Following that, you will probably need to find assistance from a profession. Individuals want different things from their life and their legacy, so no 2 legacy plans are going to be identical. Everyone’s financial situation is unique. Additionally, you will be subject to specific laws and tax rules dependent on where you reside, if you are married or if there children involved and how much affluence you have. Make sure you have a comprehension of the local, state and federal laws relating to probate, taxation, etc.

To locate particular knowledge and advice on what your beginning steps need to be, your best bet is to discuss things with a financial advisor or a lawyer that is familiar with the laws in your state.

You have worked hard for everything you have. Obviously, it’s only natural you wish to establish and develop a legacy that is going to last for years or even decades after you’re gone. Achieving the estate planning fundamentals such as a last will and advance directive are of critical importance. However, it’s also beneficial to think about the process more holistically.

Creating and keeping a legacy plan maintained is going to give you your best opportunity at that lasting legacy, whether that involves devising a trust, creating a foundation, creating a last will and testament or each of the above. By developing a legacy plan, you are guaranteeing that you are able to continue to support the people you love even after you have passed away.

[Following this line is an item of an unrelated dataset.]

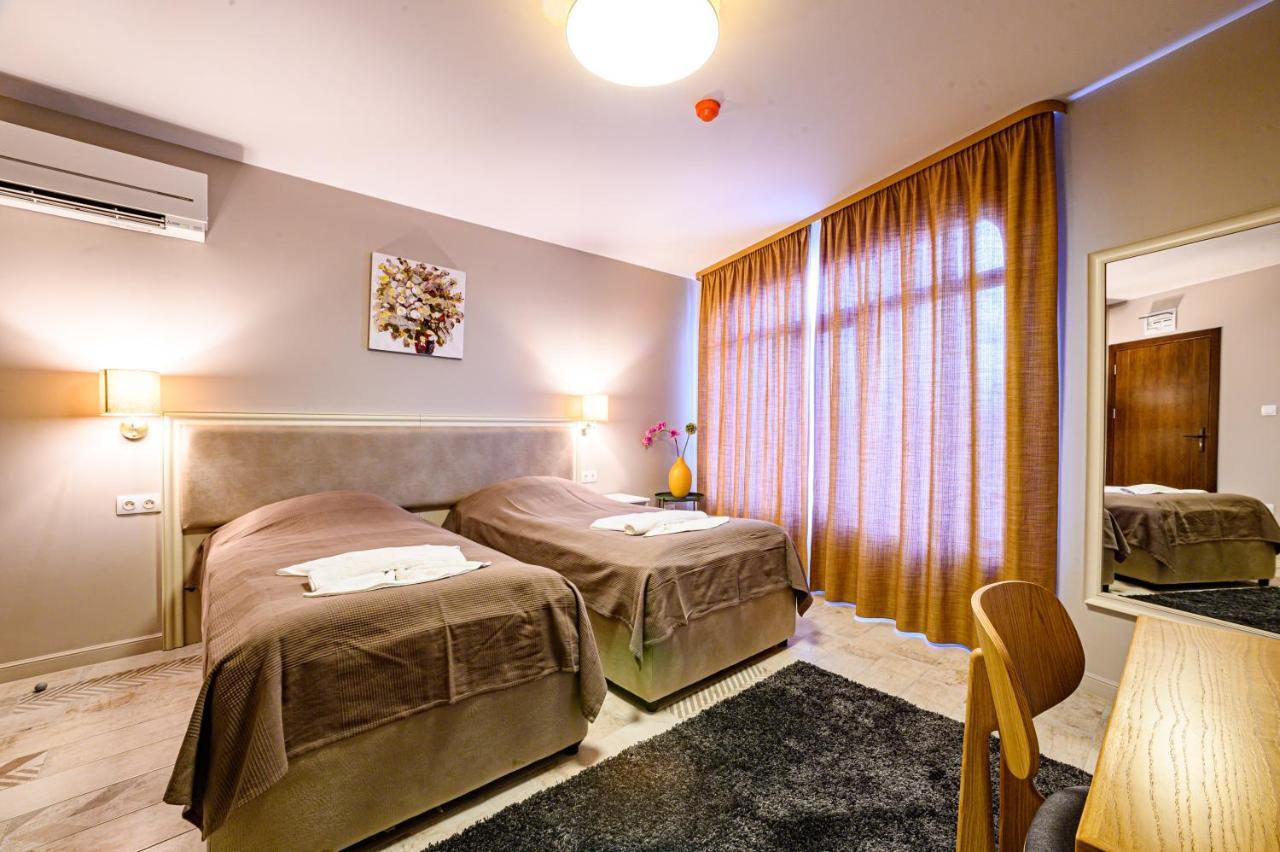 Antique Boutique Hotel Pavel Banya Esterno foto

  1. Hunter Kuffel, C. (2019, July 24). How is legacy planning different from estate planning? Retrieved March 30, 2021, from https://smartasset.com/estate-planning/legacy-planning

Arizona Family Law

Naming guardians in your will can be part of your estate plan. You may think you’re too young or don’t have enough money to justify the expense, but if you have children, you have priceless assets. There are many considerations when naming guardians for your kids. However, the process doesn’t have to be expensive or complicated.

There’s nothing better than the peace of mind you will have knowing you’ve protected your family at a time when they need it most. Let us help. Schedule a consultation or contact Ogborne Law, PLC of Arizona today.